Another part of my failure comes from the city I live in, I have a lot of friends out here from the Midwest who were sweeping up back home, but just can’t make quota on the coast. Men think women only want men with money, women don’t want men who wear fedoras, women are wearing bandage dresses and platform heels that make them cranky…the list goes on. I’ve written about it before, a metropolis is the opportunist’s playground and it is no good for the sexually deprived. We have a simple and primal desire and we have completely ravaged the path to that desire with rules and guidelines into the appropriate strategy to getting it. I’ll let you in on a little secret: chemicals mix together, common interests are exchanged, and consent is given by both parties, that’s it. Now, where you go from the initial she-bang is your call, but it’s that simple I promise you, if you want to it to be it’s that easy.
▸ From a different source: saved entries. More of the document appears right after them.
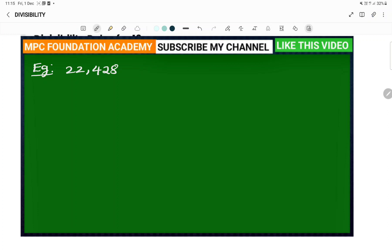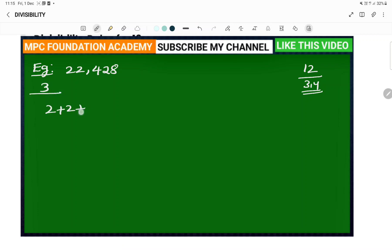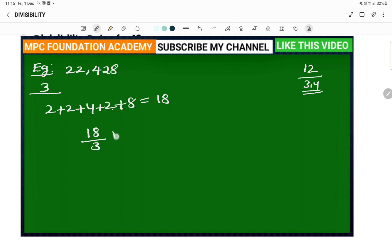Next example: 22428. We need to check if it is divisible by 12. First, check divisibility by 3: sum of all digits — 2 plus 2 plus 4 plus 2 plus 8. So 2 plus 2 is 4, 4 plus 4 is 8, 8 plus 2 is 10, 10 plus 8 is 18.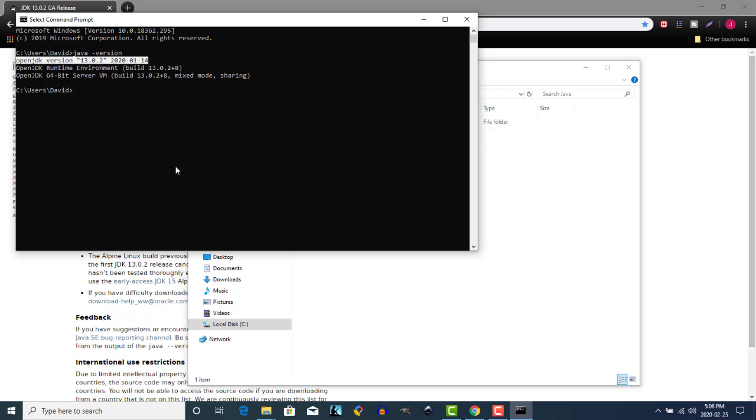In my next video, I'm going to install an integrated development environment called Eclipse, and this will allow us to start writing Java programs.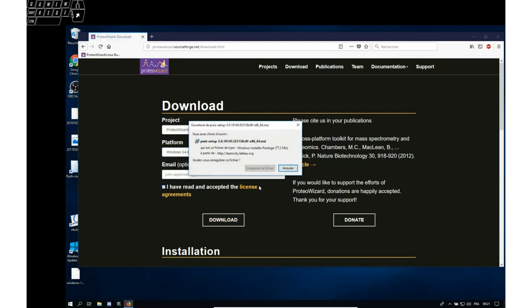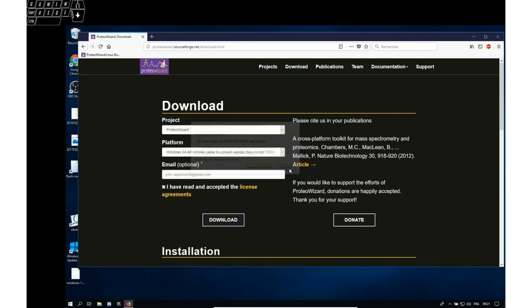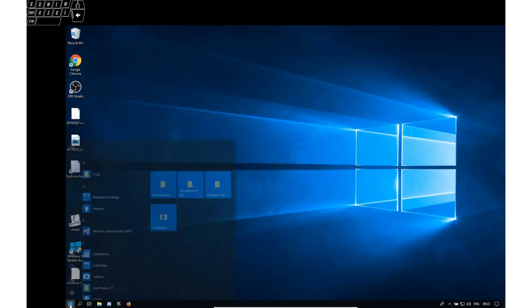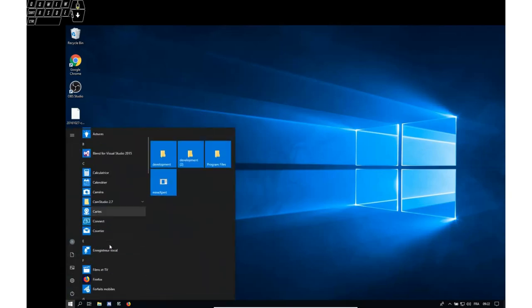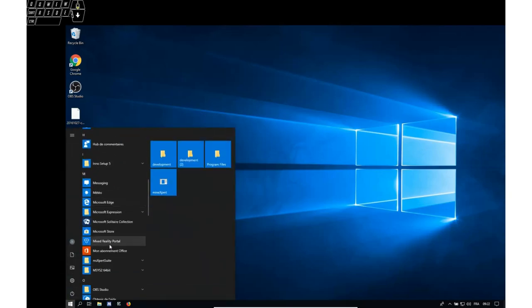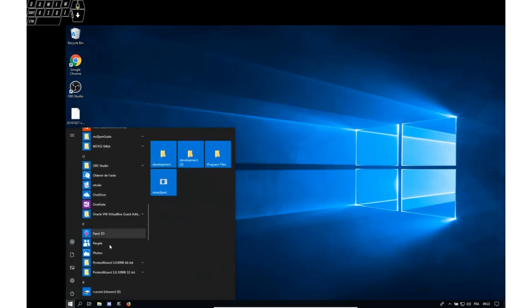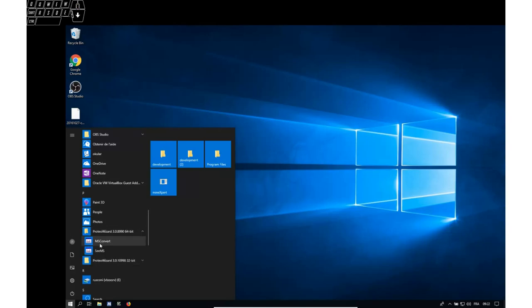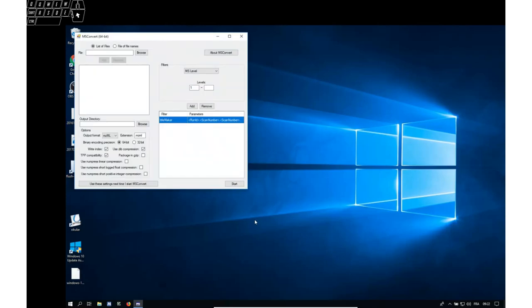This download I already did so I'm not doing here right now. Once you have installed the ProtoWizard software it should appear in the menu here. If you go to P, scroll down, 64-bit, and you run the MSConvert software.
And the last part is the subliminally built-in shame. I was talking with a guy the other day about threesomes and how he had always wanted to try one (typical) and I mentioned how I would feel strange being with two guys, (completely that is) at the same time. He then went on to say, “well, I couldn’t respect a girl who I’ve seen have sex with another guy in front of me” and I asked him why, he didn’t have an answer for me, as I imagined no one’s ever argued this with him. This is my problem, regardless of how “progressive” we believe our society has become this archaic idea of purity in women is still floating around. A man can sleep with two women at once and it’s awesome and we do the same and we’re damaged goods (check out the “Chocolate Bar” analogy). Sex is perceived as too easy for us so we should be picky in how we go about it but when we’re picky about it we’re prudes….double-edged swords are a patriarch’s favorite weapon. Women like to have sex* and if we didn’t live in a society where are worth was based on our sexual tendencies we could have just as much fun with no strings attached. I think some women are comfortable with their sexuality and this may not apply to them, but this strictly my observation and personal experience.
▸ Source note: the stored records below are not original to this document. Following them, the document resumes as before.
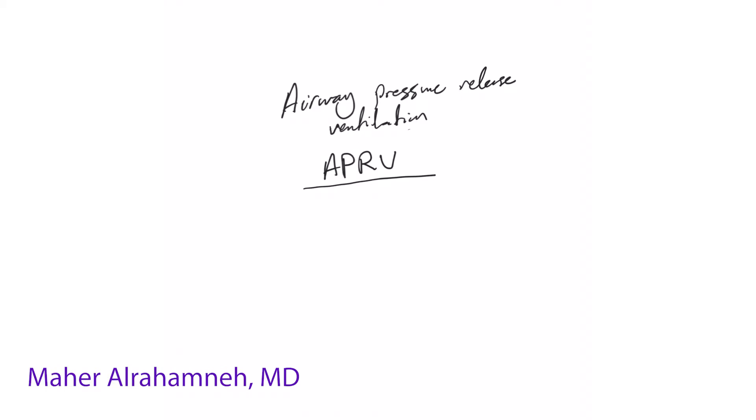Welcome back. Today we're going to talk about airway pressure release ventilation, APRV, and one of the most common modes of APRV is bi-level ventilation. I'll make it easy and simple for you as much as I can, and I think it's really simple if you understand pressure control mode.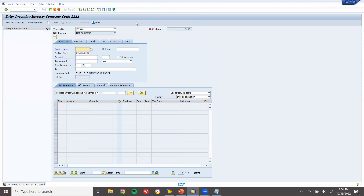This is how you create number ranges for the material master. Thank you.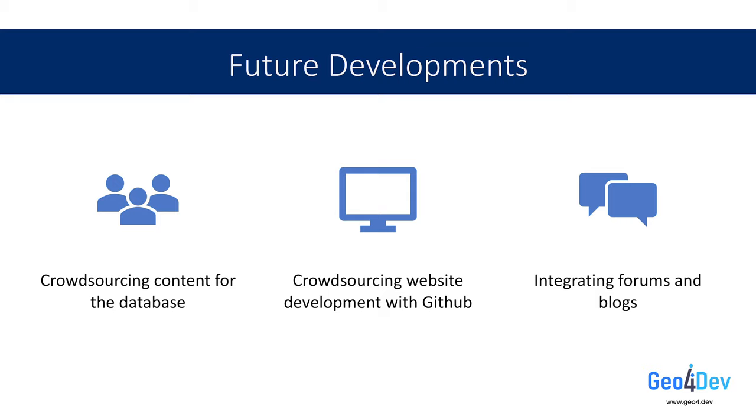Finally, we plan to someday include an online forum and blog on our website. This would be a space for our community members to ask questions, share insights, post collaboration opportunities, and help each other maximize our positive global impact through the integration of geospatial solutions into development projects around the world.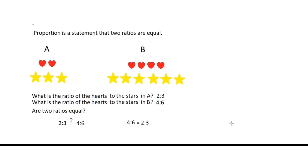Therefore, the ratio of hearts to stars in A is equivalent to the ratio of hearts to stars in B. It only means that the two ratios are proportional.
None of these things rule out the ultimate desire, however, regardless of feelings, location, or shame you will lose yourself in those 3-10 minute windows (I’m generous) because that need is innate in us (well, most of us). You can analyze it, make more of it than what it is, and waste your time, but it is simply instinct*. A society can build restrictions and ideals, but the blood rushing through your veins and down to your nether regions is all nature and I welcome you to challenge it and avoid it, but the desire to acquiesce will always be present. You can avoid the desire for sex as long as you can avoid hunger, so go ahead and eat up folks, but just as with food there are consequences to what you put in your mouth.